Aug 022011
 
Morsels of Life - Vietnamese Caramel Shrimp

Since I like to make seafood at least one a week, and I wanted to finish off the last of the shrimp, I decided to make a shrimp dish. Shrimp, like many other types of seafood, contain high levels of calcium, iodine, and protein, while containing few calories. Although shrimp contain a bit of cholesterol, it is still considered healthy for the circulatory system since it lacks saturated fat, meaning it can improve your LDL to HDL ratio.

This dish doesn’t require much in the way of prep (aside from making a caramel sauce) – just cook the shrimp with garlic and onion! Although the version I made this time wasn’t bad, I think I would add more garlic and onions next time. The flavor contributions from those two materials should not be underestimated! I’d also watch the caramelization process more closely. Once the water evaporates, the sugar can go from caramelizing to burnt quite quickly! I don’t know about you, but I prefer the flavor of caramelized sugar over burnt sugar! We ate these caramel shrimp with a side of pickled carrots and daikon.

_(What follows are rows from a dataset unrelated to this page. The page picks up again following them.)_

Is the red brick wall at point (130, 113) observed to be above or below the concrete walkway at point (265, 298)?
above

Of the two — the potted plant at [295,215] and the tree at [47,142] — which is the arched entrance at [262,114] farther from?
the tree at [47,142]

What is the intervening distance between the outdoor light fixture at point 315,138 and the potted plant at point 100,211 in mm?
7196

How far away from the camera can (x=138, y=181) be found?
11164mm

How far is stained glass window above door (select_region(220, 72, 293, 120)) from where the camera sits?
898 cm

Vietnamese Caramel Shrimp by
(printable version)
Sweetly savory and succulent shrimp, sauted with garlic and onion, and then topped with a caramel sauce.

Prep time: 5 minutes
Cook time: 20 minutes
Total time: 25 minutes
Yield: 2 servings

Materials:
  • 2 tablespoons sugar
  • 2 tablespoons water, divided use
  • 1/2 onion, diced
  • 3 cloves garlic, minced
  • 1/2 pound shrimp, peeled and deveined
  • 1 tablespoon fish sauce

Methods:

  1. Heat the sugar and 1 tablespoon of water until the sugar caramelizes.
  2. Carefully add the remaining water and dissolve the caramel.
  3. Saute the onion and garlic in a small amount of oil.
  4. Add shrimp and fish sauce to onion and garlic, then cook until the shrimp is cooked and pink.
  5. Pour caramel sauce over dish and serve.

This post is part of Tasty Tuesday, Tuesdays at the Table, These Chicks Cooked, Recipe Sharing Monday

  8 Responses to “Vietnamese Caramel Shrimp”

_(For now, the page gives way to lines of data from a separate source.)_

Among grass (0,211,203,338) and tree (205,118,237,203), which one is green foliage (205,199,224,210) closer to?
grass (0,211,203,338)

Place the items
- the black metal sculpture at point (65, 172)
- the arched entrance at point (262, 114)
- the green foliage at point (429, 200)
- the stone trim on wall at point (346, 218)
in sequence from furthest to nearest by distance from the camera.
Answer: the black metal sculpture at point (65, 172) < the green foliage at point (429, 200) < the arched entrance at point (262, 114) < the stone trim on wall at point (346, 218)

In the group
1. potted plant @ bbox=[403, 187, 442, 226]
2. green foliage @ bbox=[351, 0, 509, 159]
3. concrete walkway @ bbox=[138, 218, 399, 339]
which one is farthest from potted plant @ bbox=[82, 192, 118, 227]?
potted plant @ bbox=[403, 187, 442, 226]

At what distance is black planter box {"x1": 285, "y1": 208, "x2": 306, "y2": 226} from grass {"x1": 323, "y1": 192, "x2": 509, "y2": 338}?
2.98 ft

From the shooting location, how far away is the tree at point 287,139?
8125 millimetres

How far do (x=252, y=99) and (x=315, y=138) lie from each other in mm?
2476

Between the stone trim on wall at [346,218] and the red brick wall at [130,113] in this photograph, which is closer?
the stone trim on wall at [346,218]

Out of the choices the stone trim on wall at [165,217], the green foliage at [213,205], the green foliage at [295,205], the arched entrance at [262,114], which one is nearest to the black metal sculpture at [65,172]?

  1. >That shrimp sounds like it would be really yummy. I'd love for you to come by tomorrow and show off your shrimp recipe at These Chicks Cooked Recipe Spotlight. Hope you have a blessed day!
    Katie

  2. >Thanks for stopping by! I'll stop by your Recipe Spotlight tomorrow too – thanks for letting me know!

  3. >yummy! I love shrimp so much, and these look so delicious. If you'd like, I wanted to invite you over to share your best recipes at my new link party, Recipe Sharing Monday. I'd love for you to join in the fun :o)

  4. >@Ali – Thanks for the invite. I just stopped by, and it looks like you've got a lot of tasty recipes!

  5. >I'm so glad to see that you linked up this week. Thank you so much for sharing this at Recipe Sharing Monday. I hope to see you back next week!

  6. >@ Ali – glad to have stopped by. Thanks for the invite!